Sat, Aug 10 | 2:00–3:00
Talk
This event will begin with a screening of Carolina Caycedo’s film Land of Friends, newly acquired by the Art Institute, followed by a conversation with the artist and Anna Burckhardt Pérez, Neville Bryan Assistant Curator of Architecture and Design.
Through her studio practice and fieldwork with communities impacted by large-scale infrastructure and other extraction projects, Carolina Caycedo invites us to consider the unsustainable pace of growth under capitalism and how we might embrace resistance and solidarity.
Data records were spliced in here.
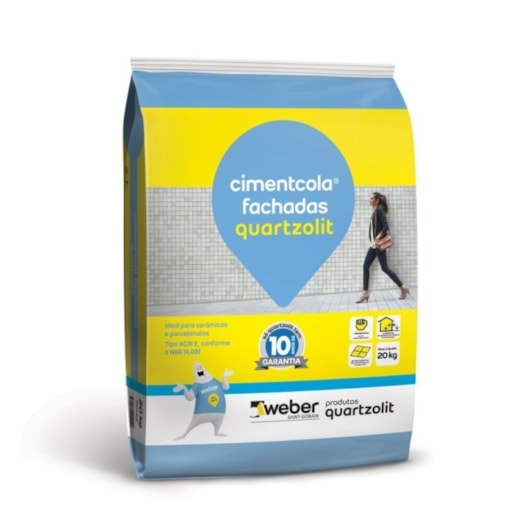 Argamassa Cimenticola Fachadas Ac3 Cinza Quartzolit 20kg - Imagem principal - c38264ff-fd62-45ae-ad4d-9e1d73b54760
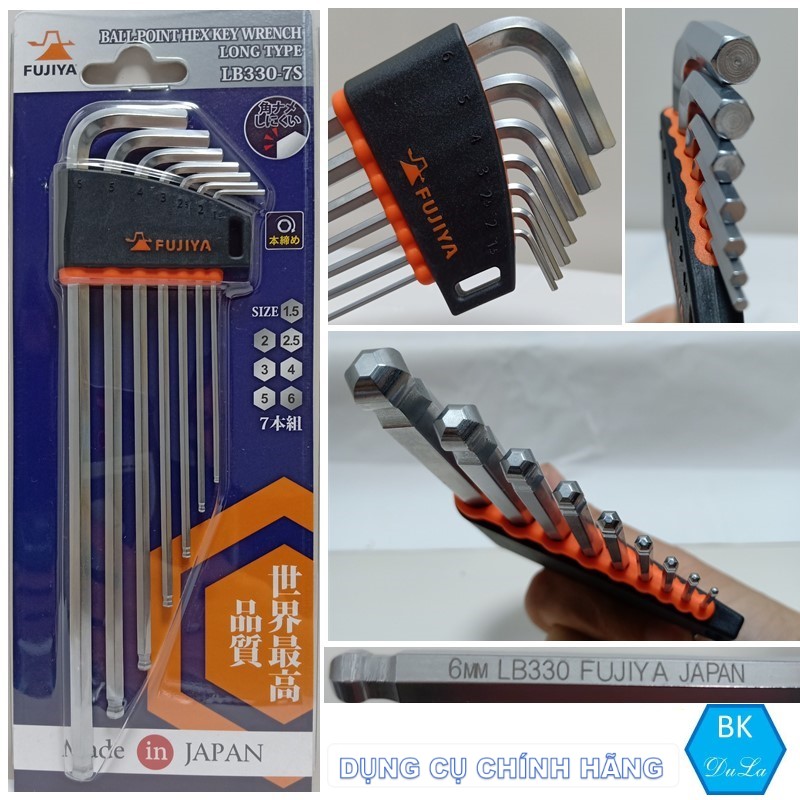 Bộ Lục giác dài đầu bi 7 chi tiết FUJIYA LB330-7S GENUINE- Thanh vặn đầu tròn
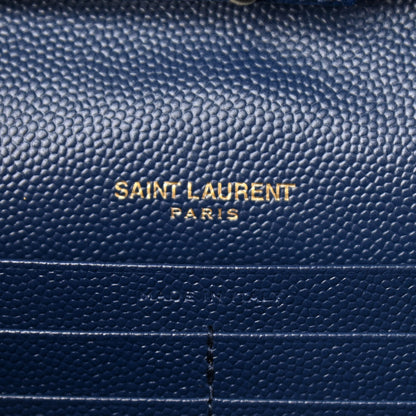 Saint Laurent Grain De Poudre Matelasse Chevron Monogram Chain Wallet Deep Marine 6 of 11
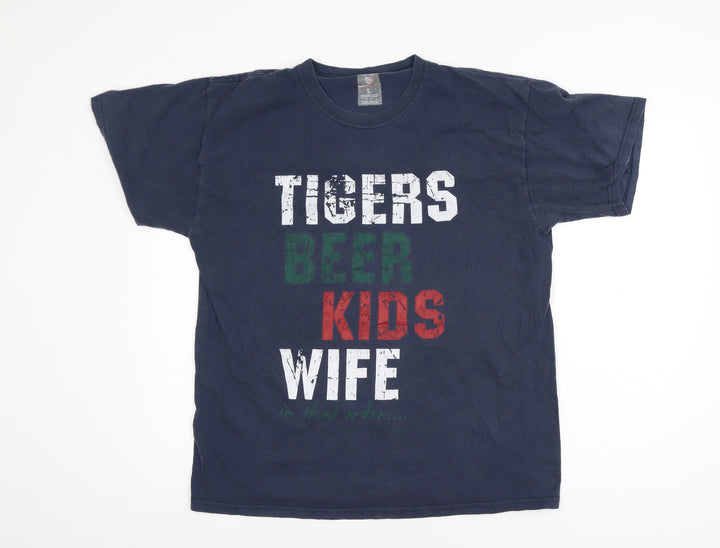 Leicester Tigers Mens Blue Funny Graphic Cotton T-Shirt Size L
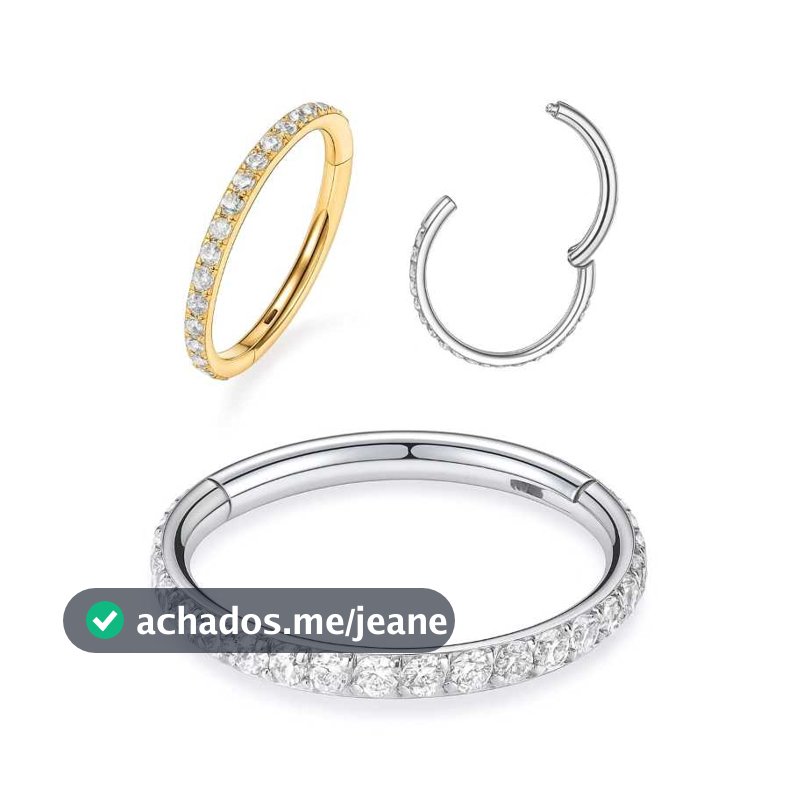 Piercing Argola Clik Titânio PVD Zircônia Cravejada Septril, Rook Conch, Nariz Cultura do Marina Piercing Argola Premium
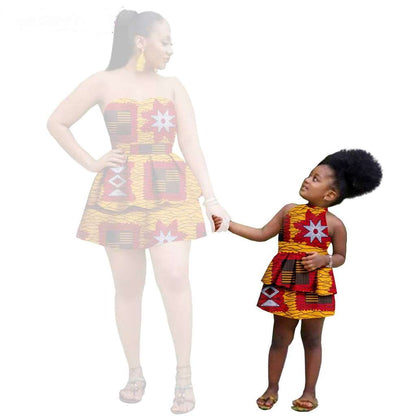 Women and Girls African Dresses Summer Cotton Ankara Outfits FM004-2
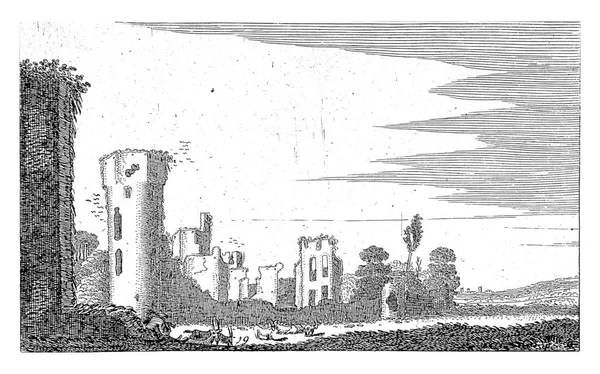 1616年 维尔德 一个牧羊人 带着一群山羊坐在城堡里 在风景中被毁了 二十个系列中的第十九个 — 图库照片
Her film Land of Friends focuses on seemingly small images and micromoments of everyday life, highlighting the tensions and struggles between local fishing and farming communities and the multinational corporations converting the Yuma into hydroelectric power.
About the Speakers
Carolina Caycedo is a Colombian multidisciplinary artist living in Los Angeles. Her geographic photographs, artist’s books, hanging sculptures, performances, films, and installations are not merely art objects but gateways into larger discussions about how we treat each other and the world around us. Process and participation are central to Caycedo’s practice; she contributes to the reconstruction of environmental and historical memory as a fundamental space for climate and social justice. Caycedo’s recent solo museum exhibitions include Spiral for Shared Dreams, at the Museum of Modern Art, New York (2023–24); Land of Friends, at the Baltic Centre for Contemporary Art, Newcastle (2022–23) and the Artium Museum, Vitoria (2023–24); The Blessings of the Mystery, at Ballroom Marfa, Texas (2022); and From the Bottom of the River, at the Museum of Contemporary Art Chicago (2020–21).
Anna Burckhardt Pérez is the Neville Bryan Assistant Curator of Architecture and Design at the Art Institute of Chicago. Before joining the museum, she worked at the Museum of Modern Art, New York, where she organized and co-organized several exhibitions and programs, most recently Projects: Carolina Caycedo and David de Rozas. She is curator of the exhibition Threads to the South at the Institute for Studies on Latin American Art (ISLAA), New York.